My “little” sister is 14. She will turn 15 this June. In Mexican tradition, she will be turning into a “woman,” which is impossible for me to process because only yesterday my mother and father sat me and my year-and-a half younger sister to tell us that we were having another sister. Because only yesterday I witnessed her take her first steps across our dining room.
The family of 5 that our family is was a complete puzzle up until I moved away two years ago. I didn’t mean to make the puzzle incomplete, but I did mean to give myself some distance and independence away from everything I had ever known, even if it wasn’t always in the way I wanted it. It’s when you’re away from people and the known to you that you really appreciate it all for what it has always been.
One thing I hoped for when I left was for my middle sister to take over “big sister” duties. Really, there had never been actual duties that I had when I was home except “set the example.” However, my father had always expected that from both of us for the good of our little sister.
I left my home with a heavy heart and guilt at having to leave my sisters by themselves. They had each other and my parents. They had the friends that they made and the people they knew along the way. But a sister bond is something you can’t find anywhere else. And I missed our late night talks, our drives to the Walmart, walking through the clothes, looking at shirts that we could only wish we could buy because we didn’t have any money.
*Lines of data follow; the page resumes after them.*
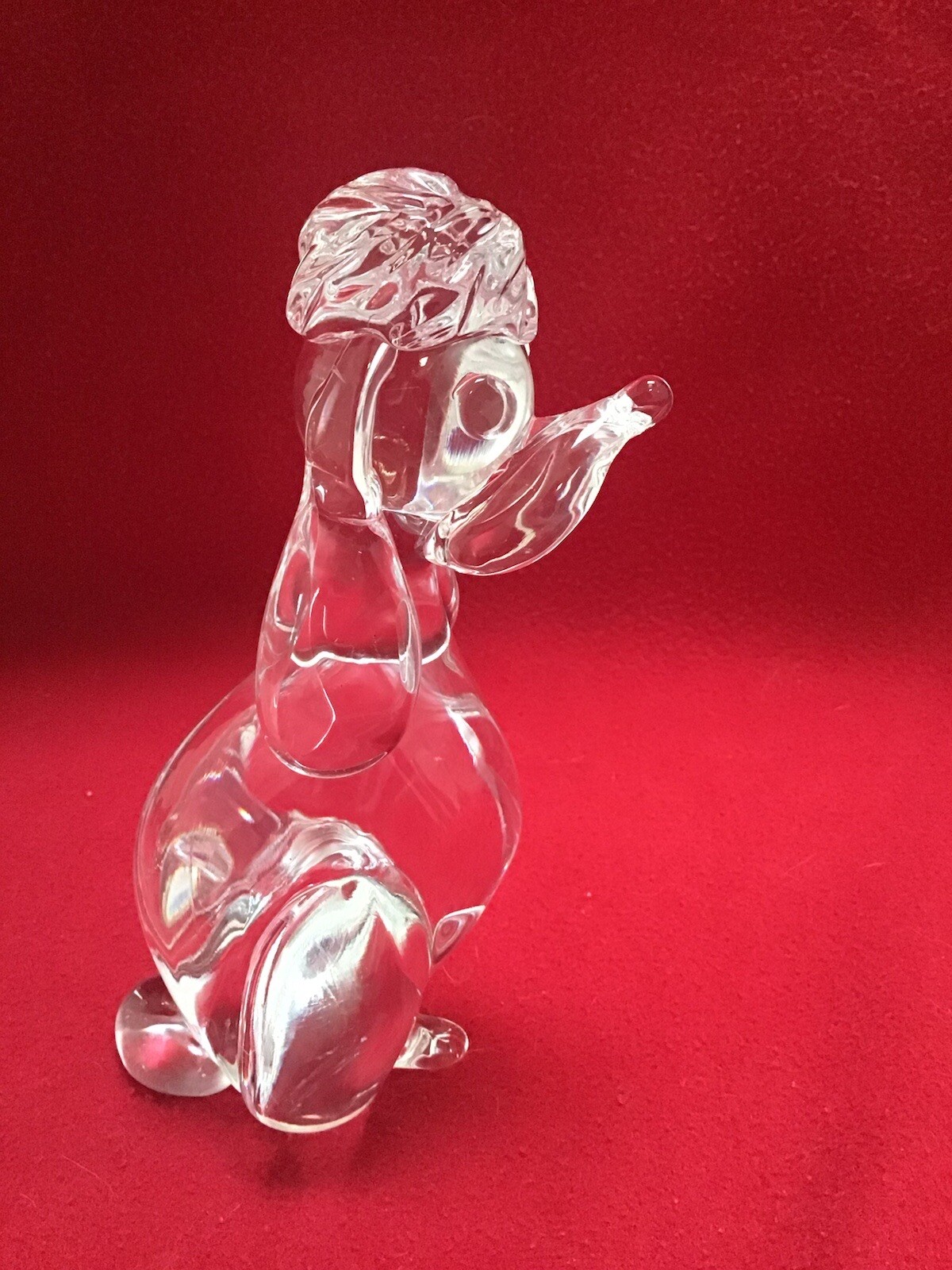 Crystal Art Glass French Poodle Dog Large Paperweight Figurine 8″ Tall Vintage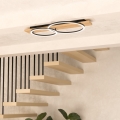 Eglo - LED Ceiling light 2xLED/12W/230V 3000K beige/black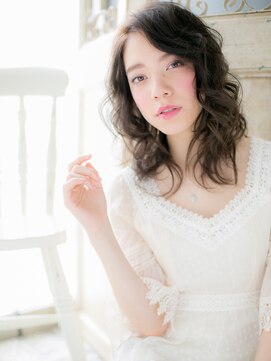 モッズ ヘア 福岡姪浜店(mod's hair) *mod's姪浜*…グレージュカラー小顔外国人風フレンチガーリーe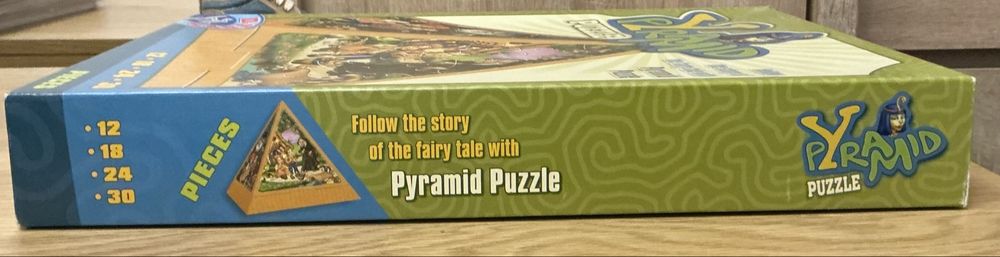 Pyramid Puzzle Hansel și Gretel, D-Toys, 84 Piese , Joc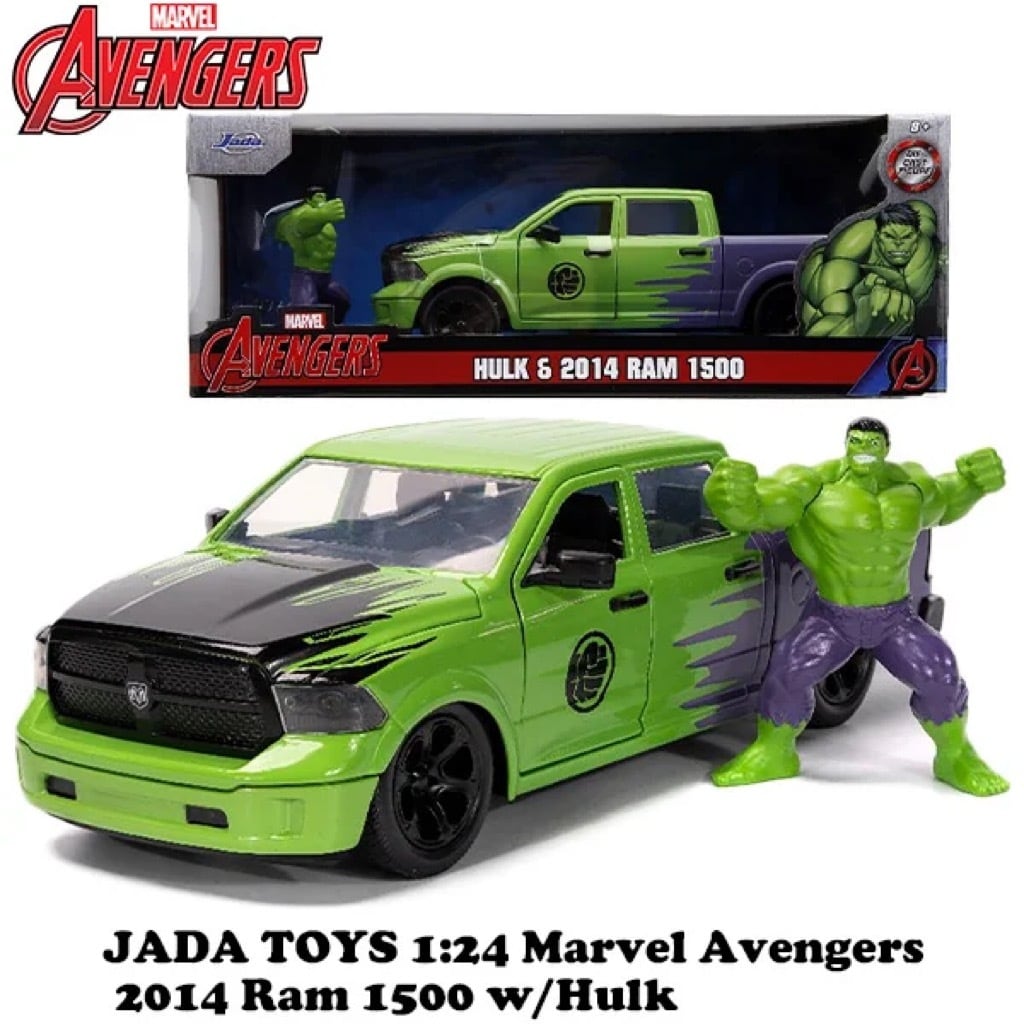 JadaTOYS 1/24 MARVEL AVENGERS 2014 RAM 1500 w/ HULK 【ハルク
We had each other and even today, everyday, I know that I hurt them when I left because we are not each other without each other.
Fall 2015, my little sister began her high school journey.
Having my little sister begin a new chapter of her life was a big deal to all of us. Both my middle sister and I, we couldn’t believe that our little sister was about to become a high school kid- something that we ourselves had been only some years prior. My parents couldn’t believe that their smallest was heading towards the “grownup” path.
Above all the excitement that filled the air, fear crept into my mind thinking of my earlier years in grade school, getting bullied and not feeling like I belonged anywhere. I didn’t want her to feel that way. I wanted her to feel like she could do anything with better opportunities, like the ones I gave up. Like the ones I had never thought twice about.
I will go on to say that all was done with the best of my intentions. I will say that sometimes you think with your heart and not with your mind. and I will say that sometimes what you want for somebody else might not at all be what they want for themselves.
Sometimes I feel like I threw my little sister into a world that only caused her to doubt herself more. At a pivotal time of stress and decisions she did say to me, “you did this to me,” and my heart broke at thinking that if only she had chosen her own trail to the “grownup” path, that maybe the sign of relief into summer vacation, the sigh of relief into what will soon be her sophomore year would have been less heavy in her tiny chest. Inhale. Exhale. Relax. I love you, Birdy.
Fall 2013, my middle sister began her road to her undergraduate college studies; went straight to four more years after four previous years. Just like me.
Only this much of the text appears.